0 Posted by - March 26, 2023 - Black History, History, LATEST POSTS

Angela Jackson was a poet and novelist, she is best known for her writing VooDoo/Love Magic (1974), All These Roads Be Luminous: Selected Poems (1991), The Greenville Club (1977), Solo in the Boxcar Third Floor E (1985), and The Man With the White Liver (1985).

Jackson was born on July 25, 1951, in Greenville, Mississippi to father, George Jackson, Sr. and mother, Angeline Robinson Jackson. The family moved to Chicago where Jackson attended St. Anne’s Catholic School.

From a very young age, Jackson was fascinated with books. She frequented the Kelly Branch Library and admired Chicago’s, Gwendolyn Brooks. She graduated from Loretto Academy in 1968 with a pre-med scholarship to Northwestern University. In 1977, Jackson received her B.A. degree from Northwestern University and went on to earn her M.A. degree from the University of Chicago.

While attended Northwestern University, Jackson was influenced by artist Jeff Donaldson and visiting poet Margaret Walker.
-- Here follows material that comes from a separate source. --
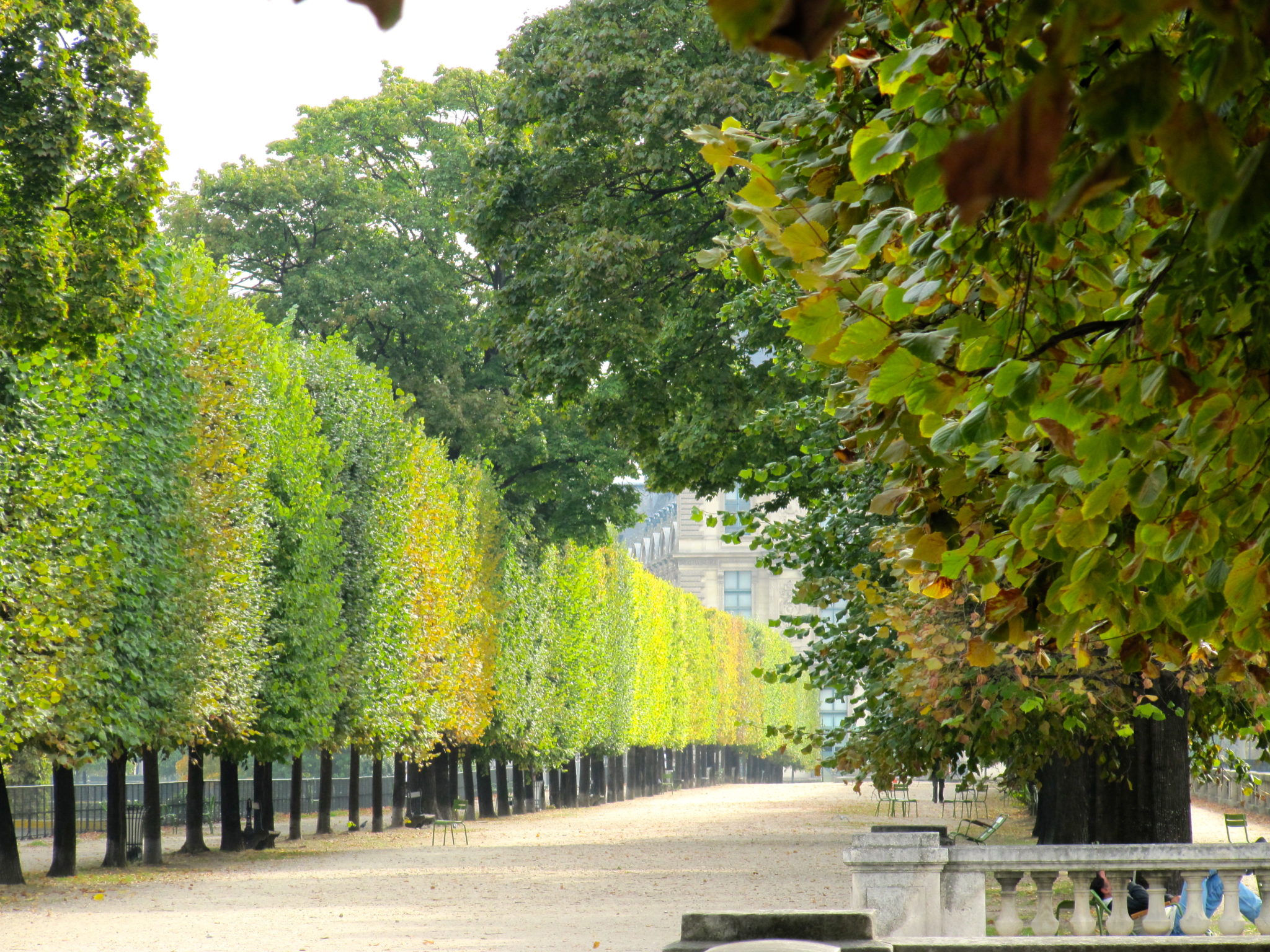 Perfectly clipped horse-chestnut trees on Champs-Élysées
She was invited by Johnson Publishing’s Black World magazine editor, Hoyt W. Fuller, to join the Organization for Black American Culture (OBAC), where she stayed as a member for twenty years.

For her literary talent, Jackson received numerous awards. Those awards included: the Edwin Schulman Fiction Prize, The Academy of American Poets Award, Conrad Kent Rivers Memorial Award, the Before Columbus Foundation Book Award, and the Hoyt Fuller Award for Literary Excellence.

Jackson was selected to represent the United States at the second World Festival of Black and African Art and Culture in 1977. In 1978, she received the National Endowment for the Arts in Creative Writing. The Illinois State Council also awarded Jackson with a Creative Writing Fellowship.